The first step towards an in-situ trainable gesture recognition system is to create an in-situ trainable gesture classifier.

Methods and Solution Proposal

OUr proposed gesture classifier is based on Bayesian hidden Markov models. The general idea behind using hidden Markov models is that the measured direction of the arm can be mapped onto discrete states. Instead of saving the discrete states, the algorithm learns the so-called transition probabilities between the states. A transition probability can be viewed as the probability that the arm will go from one direction to antoher; in other words, it corresponds to the probability of a movement. These transition probabilities are unique for every distinguishable type (class) of gestures. Therefore, when the algorithm learns the transition probabilities for every gesture class, it can later evaluate the probability that a new measurement is generated by a specific class. This concept has already been successfully applied to gesture recognition in the past. Our contribution is that we use Bayesian hidden Markov models as the basis of our hierarchical model. This allows us to incorporate prior information about gestures, in the form of a prior probability distribution over the transition probabilities. The probabilities for a specific gesture class can then be learned by combining the prior information and the measurements (see Figure 1). When constructed properly, this prior distribution might capture general properties of gestures, which might help to learn gestures with fewer training examples.


We collected a gesture database using a Myo sensor bracelet (see Figure 2). The database contains 17 different gesture classes, each performed 20 times by the same user. The duration of the measurements was fixed to 3 seconds.
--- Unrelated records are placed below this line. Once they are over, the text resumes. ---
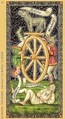 Wheel of Fortune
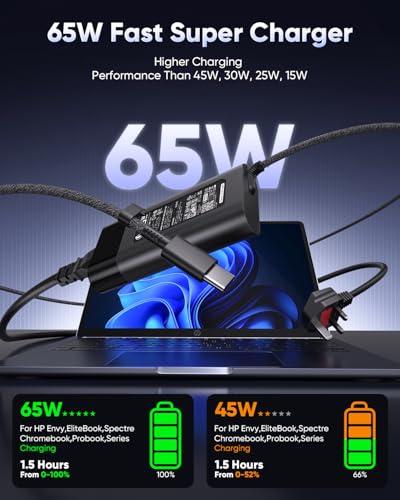 HP Laptop Charger USB C 65W/45W Type C Power Adapter for HP EliteBook Elite Spectre X360 X2 830 1030 1040 Envy 11 13 14 15 ProBook 430 G6 G7 G8 Chromebook Pavilion,10FT,With UK Power Cable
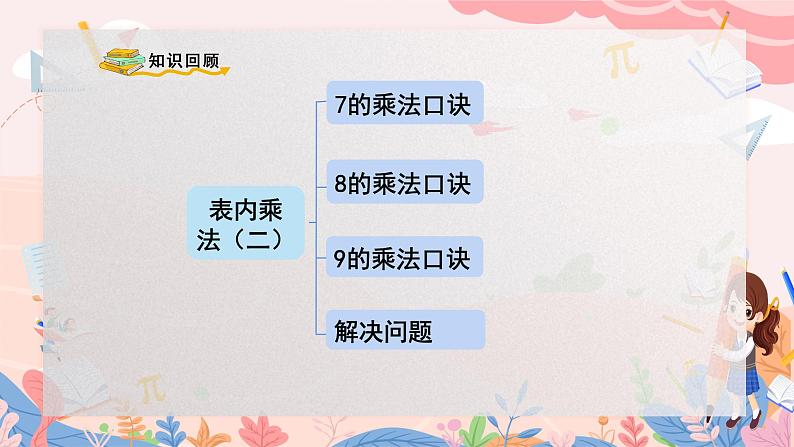人教版二年级上册数学 第六单元 整理和复习(练习二十二)课件PPT02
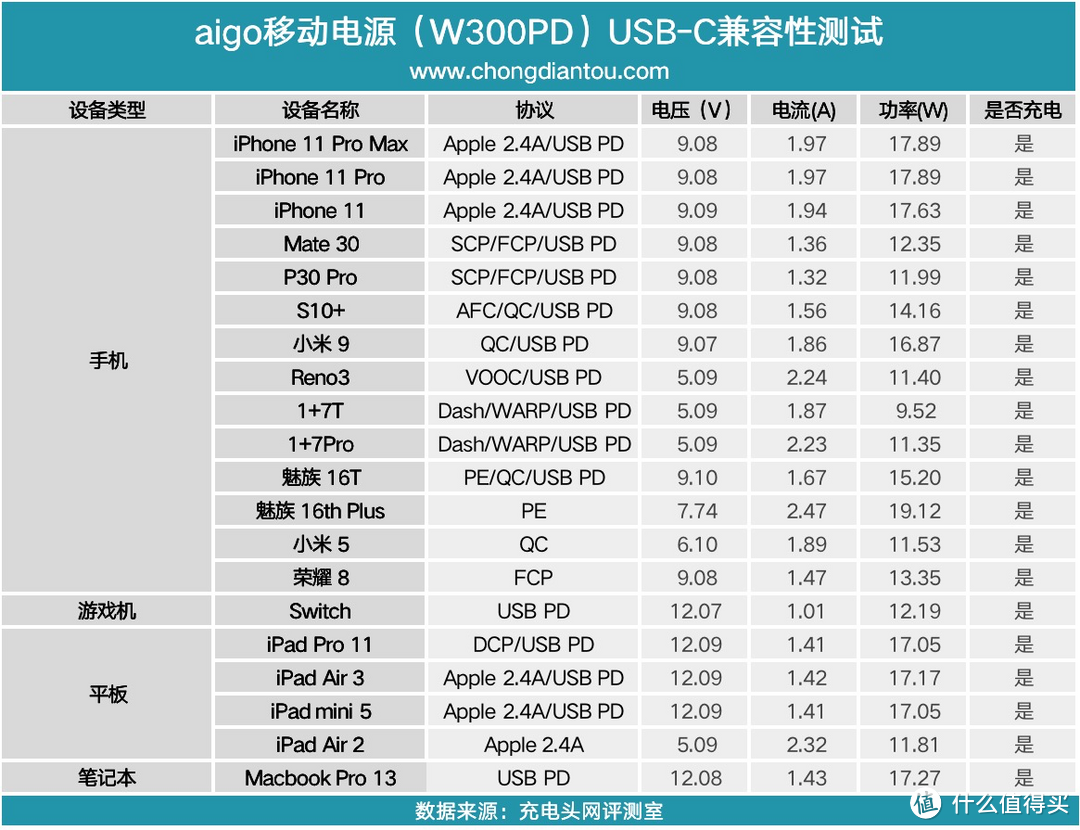 PD、PE、QC、FCP、大容量都要，aigo 30000mAh大容量移动电源评测W300PD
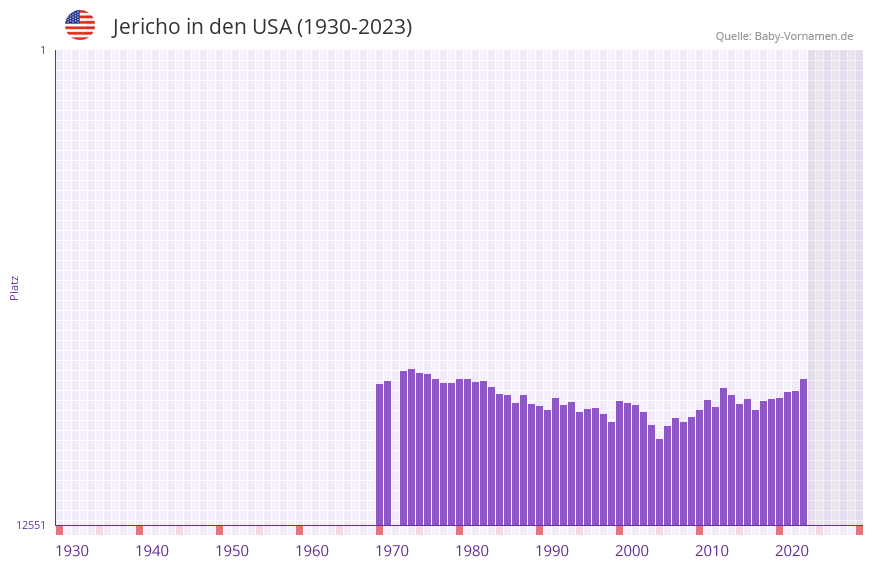 Jericho in der Vornamen-Hitliste von den USA (1930-2023) Jericho in der Vornamen-Hitliste von den USA (1930-2023)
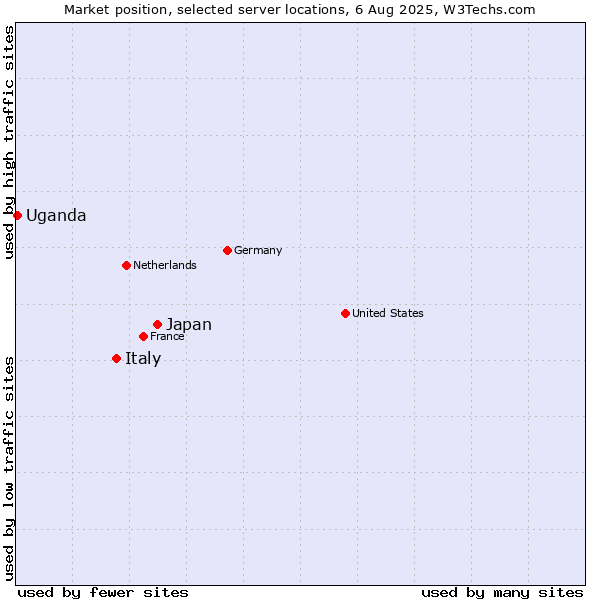 Market position of Japan vs. Italy vs. Uganda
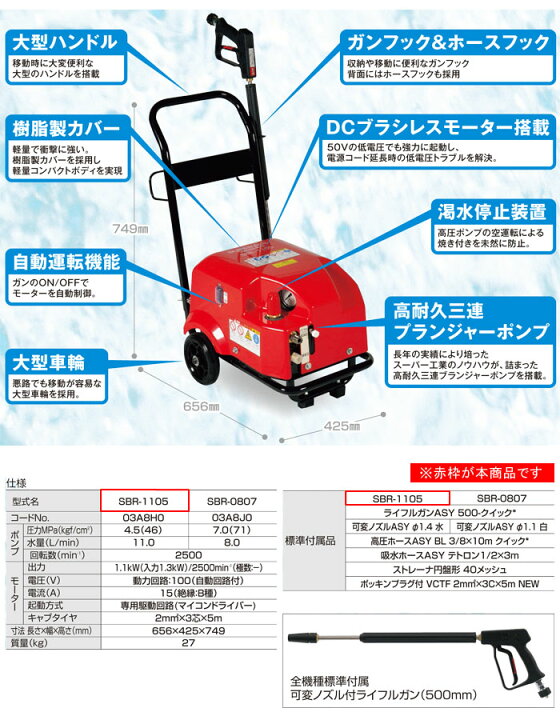 楽天市場】高圧洗浄機 スーパーエースウォッシャー 100V/4.5Mpa SBR 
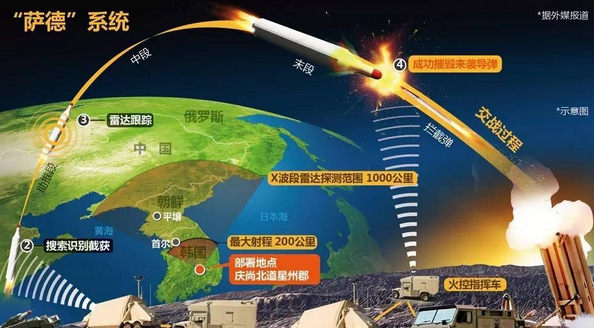 萨德系统最新消息视频,萨德系统最新消息视频，全球关注的焦点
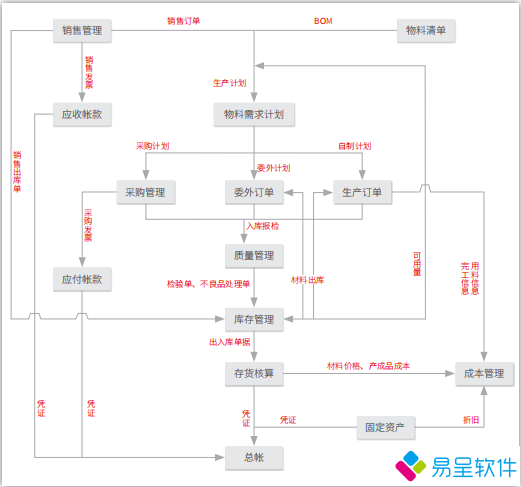 按单生产流程.png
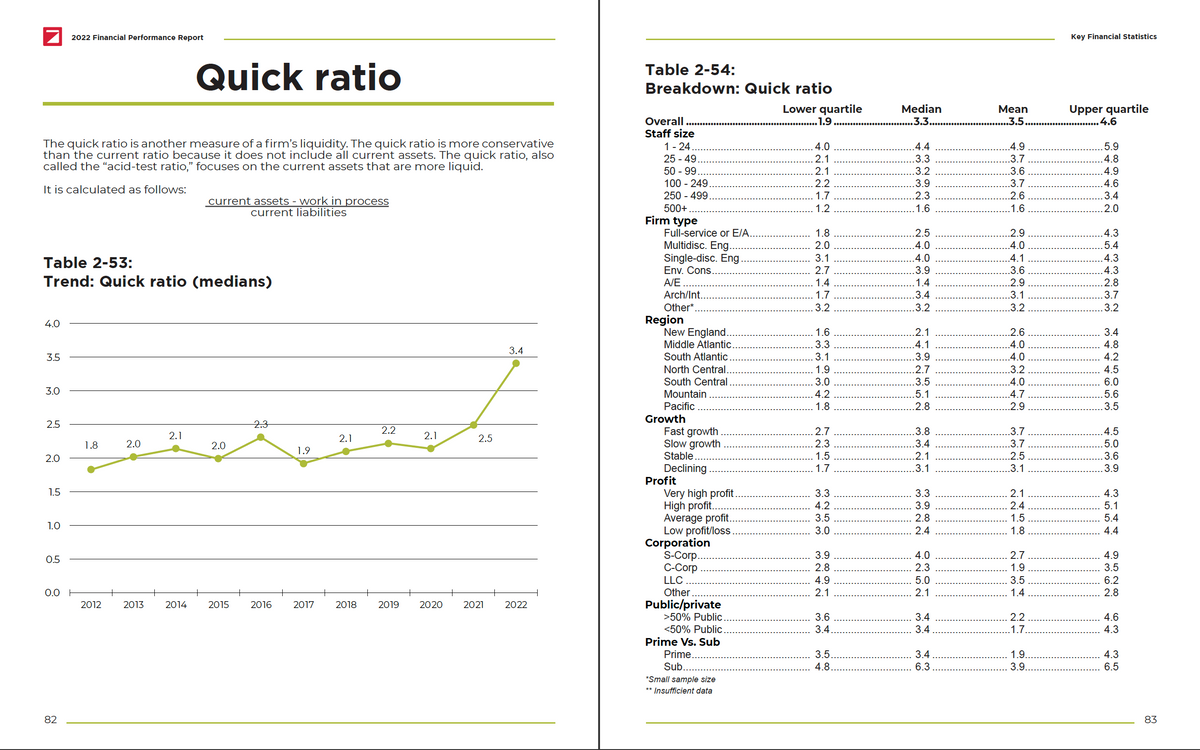 2022 Financial Performance Report and Benchmarking Tool Cover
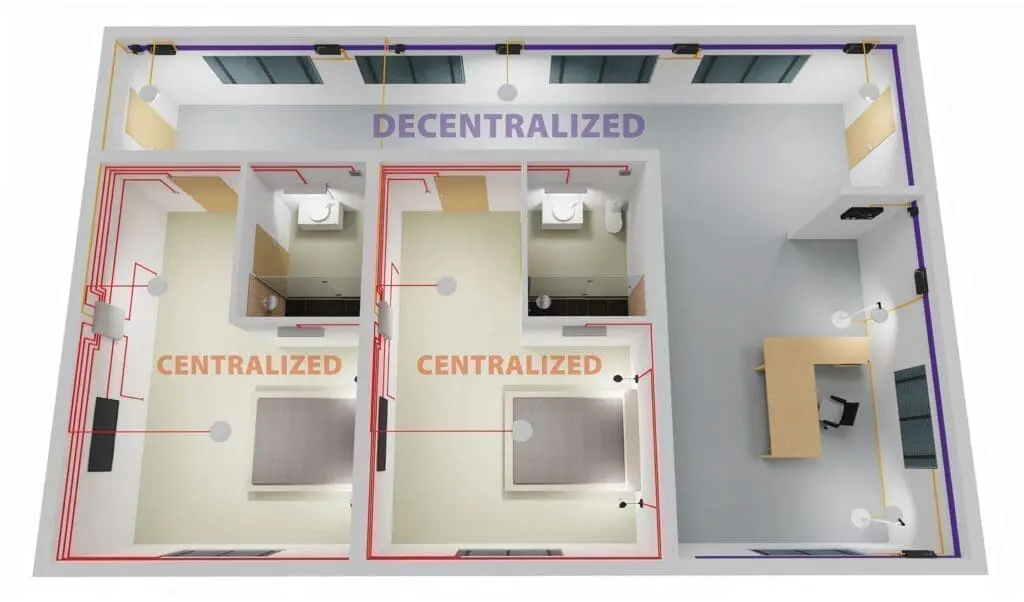 automazione degli edifici centralizzata decentralizzata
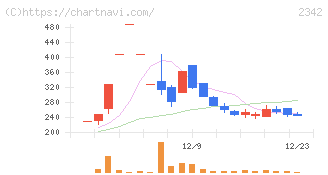 トランスジェニックグループ(2342)の日足チャート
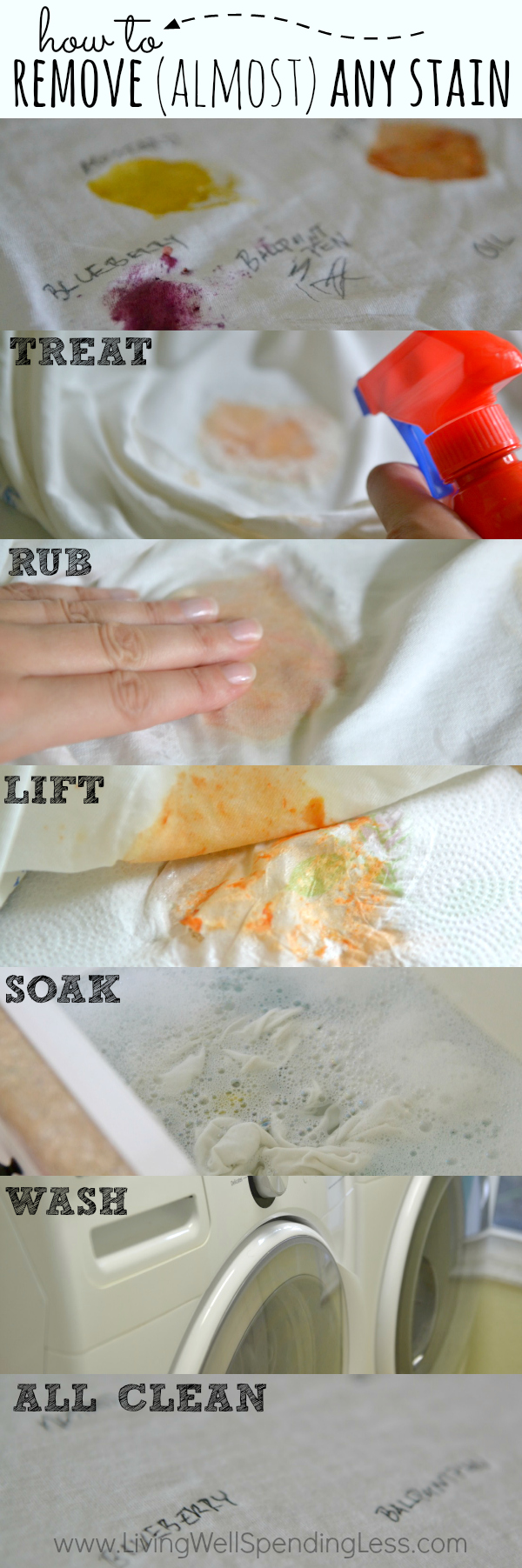 How To Remove Almost Any Stain Living Well Spending Less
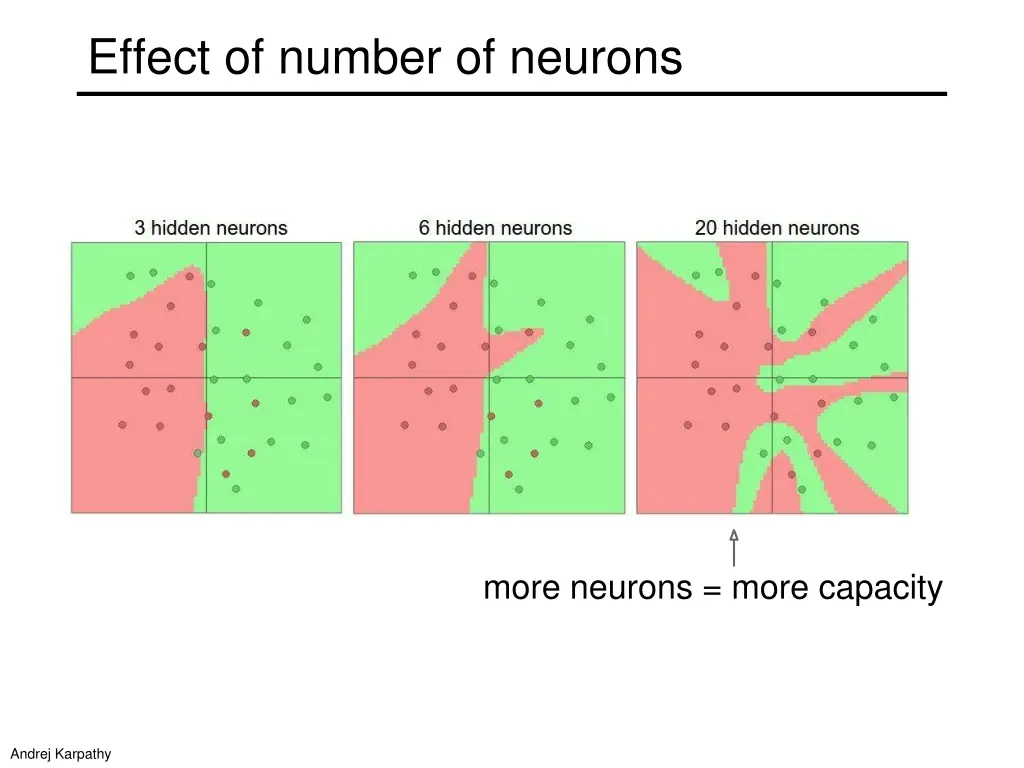 effect of number of neurons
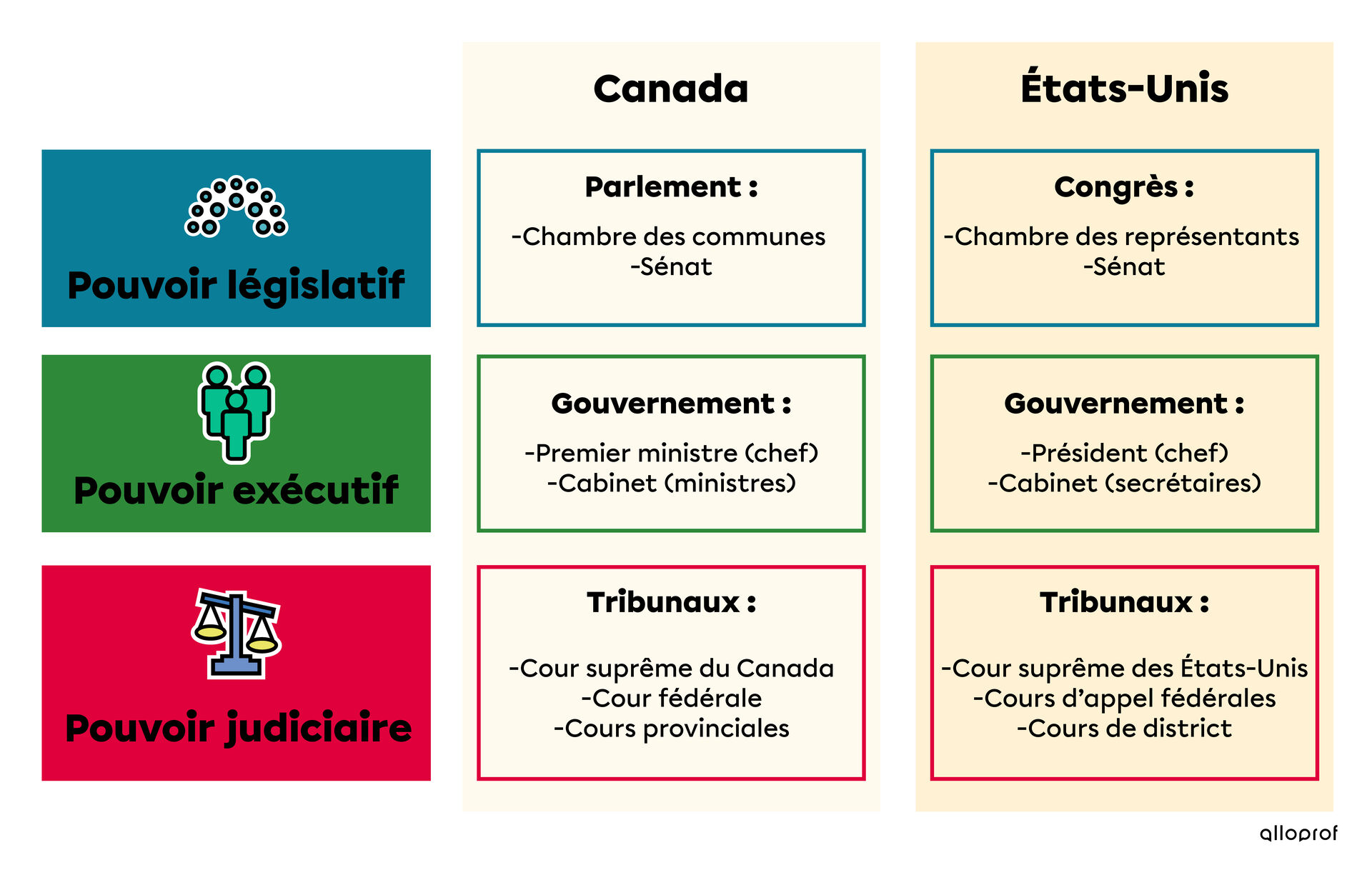 Comparatif des institutions canadiennes et étasuniennes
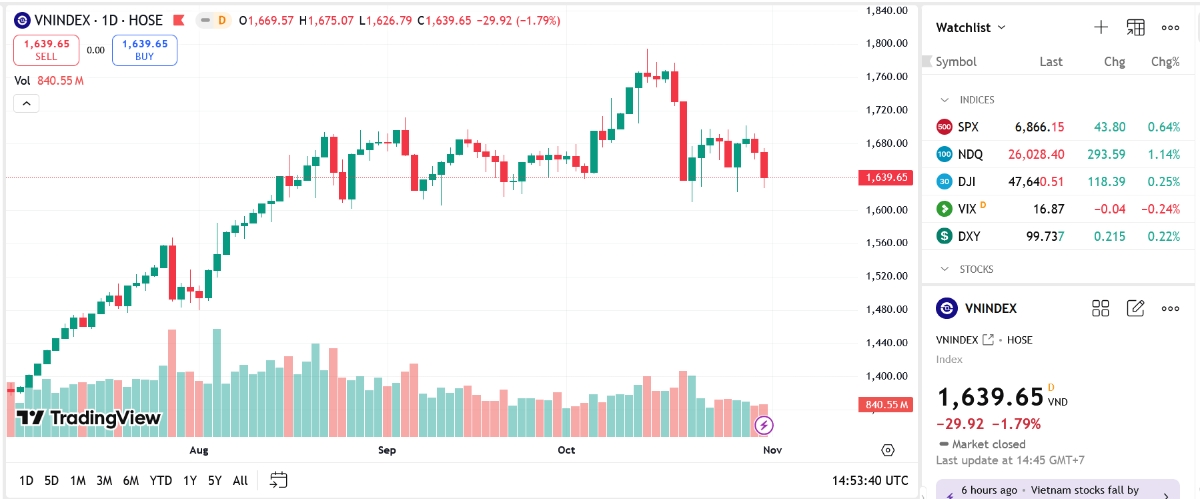 Thị trường vẫn đang nhiều rủi ro và chưa rõ xu hướng ngắn hạn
The gesture database was split into a training set containing 5 samples of every gesture class, and a test set containing the remaining (15x7=) 255 samples.

As a measure of performance we introduce the recognition rate, which is the number of correctly classified recordings divided by the total number of recordings. To test the influence of the constructed prior distribution, we have also evaluated the algorithm with an uninformative prior distribution. As a baseline we use the recognition rate of a 1-Nearest Neighbor classifier (1-NN).

Figure 3 shows the recognition rates of all algorithms. Both hidden Markov based algorithms feature a higher recognition rate than the 1-NN algorithm. In view of our interest for in-situ training of the gesture classifier, we are especially interested in classifier performance as a function of number of training examples. In particular for one training example (one-shot training), the hidden Markov model with learned prior distribution clearly outperforms both alternative models.